Tomorrow... is not a day I want to face. It will mark one year since my friend went out for coffee, came home, loaded a gun, went to the garage... and shot himself. His wife and kids came home from school and found him. I hurt. My stomach is literally in knots. I cannot believe it's already been a year. The pain and shock is as fresh now as it was when I first heard. I was at school, and a mutual friend called and told me. Like a zombie, I walked back into the classroom, packed my stuff and walked out to my car. I just sat there for a minute before I started screaming. Then somehow I managed to drive an hour and a half home. I don't remember the drive, but I do remember pulling into my driveway and just sitting there. It had to be 45 minutes of me just sitting there with the engine off and the door open. As if by not going into the house, I could somehow avoid the reality of it.
I knew he was depressed. He had lost his half of a business he owned. The majority of his social life was tied up in it too. It was ugly. He went to court against his best friend to fight for the business. The night before the court date, he blew up my phone at 2:15 am. I knew he was panicking, and I was honestly afraid to answer the phone. I just cried. I didn't know what else to do. The following morning, I found a half drank beer (his type) sitting in front of my house. He had made those calls from the front of my house. I felt sick, and guilty... those feelings were amplified after he died. What if I had just answered the phone? I don't think I will ever stop asking myself that question.

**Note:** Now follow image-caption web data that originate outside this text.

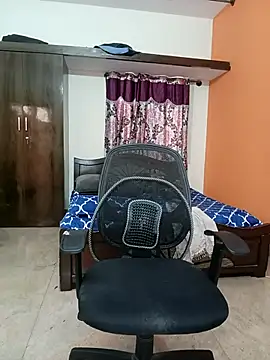 Chadni kannada online show from 24, 11, 2025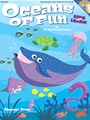 Oceans Of Fun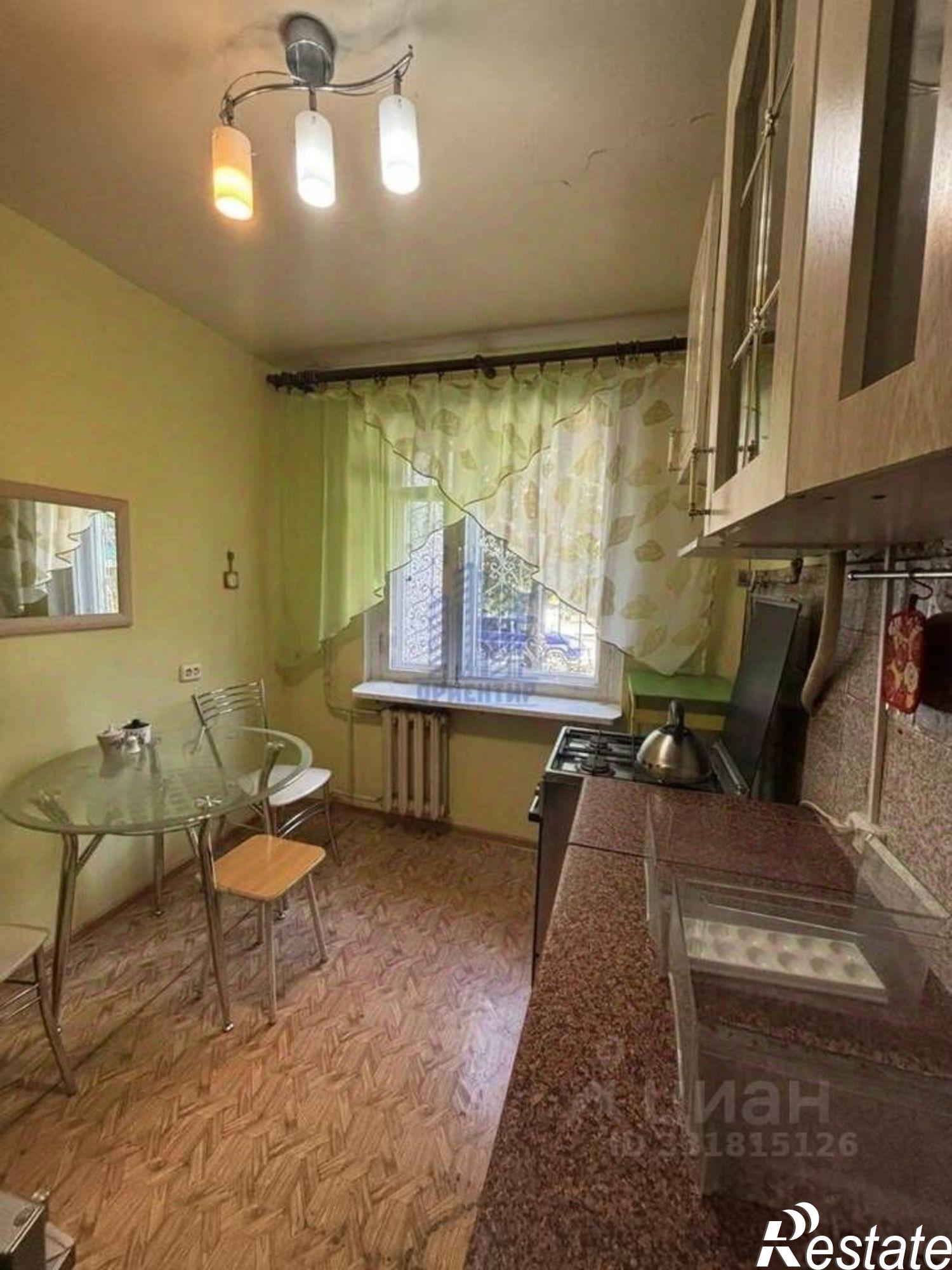 Сдать комнату за 12 000 рублей на пр-кт И.Я.Яковлева, 10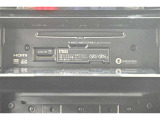 スマートフォンなどからお気に入りの音楽を飛ばしてワイヤレス再生したり、ハンズフリー通話ができますよ♪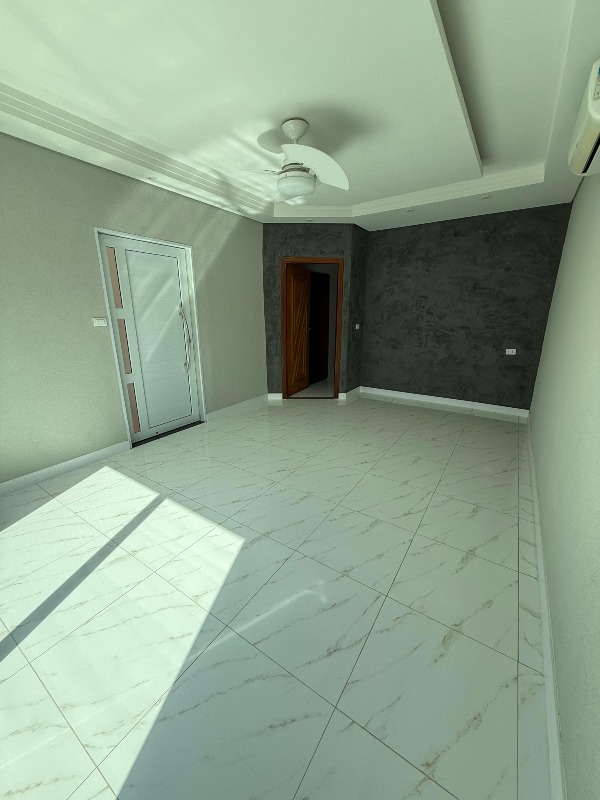 Casa para aluguel no Jardim das Turmalinas: 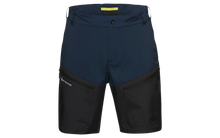 Load image into Gallery viewer, Sail Racing Spray Tech Shorts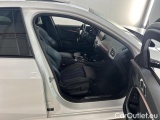 Bmw  Serie 1 1 Reeks Hatch 120i (131 kW) 131kW/178pk  5D/P Auto-7 #7
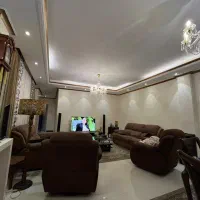 محمودیه 170 متر / 3 خواب . فول بازسازی|اجارهٔ آپارتمان|تهران, زعفرانیه|دیوار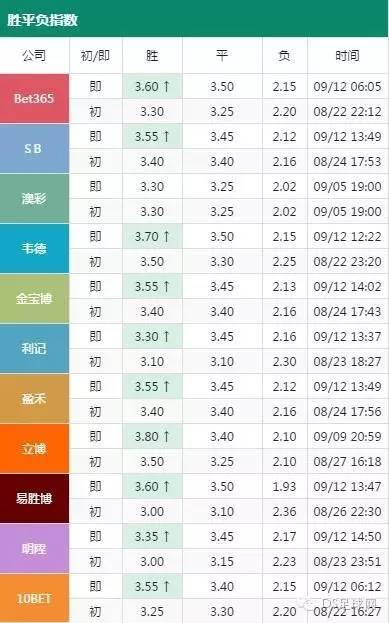 2024今晚开特马开奖结果,广泛方法解析说明_SHD89.112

We had a lot in common. Both married since barely out of our teens. Both have 2 gorgeous, adoring kids. How could he do this to them? I know he loved them... how could he ever think they'd be better off without him here? I'm so angry at him, but I miss him too. I miss our crazy, late talks. I miss those times that what he was saying was so far out there, all I could muster for a response was a shake of my head, and an "Oh, Dave..." Once he got so drunk at my house that he fell into the mantle and found a porcelain angel broken beneath. I told him not to worry about it, but he picked up every piece. A few days later, he called me into his office and handed it to me. It was all glued together, all but one tiny piece. He told me he couldn't sleep one night, so he sat there and fixed it. I still choke up at the thought of this big guy sitting at his table late into the night gluing a delicate little angel together. I cherish that angel, and I cherished his friendship. I hope he knew that.
I haven't visited his grave. I don't know what I am afraid of. I went to the funeral, but the burial was private. I think I need to go.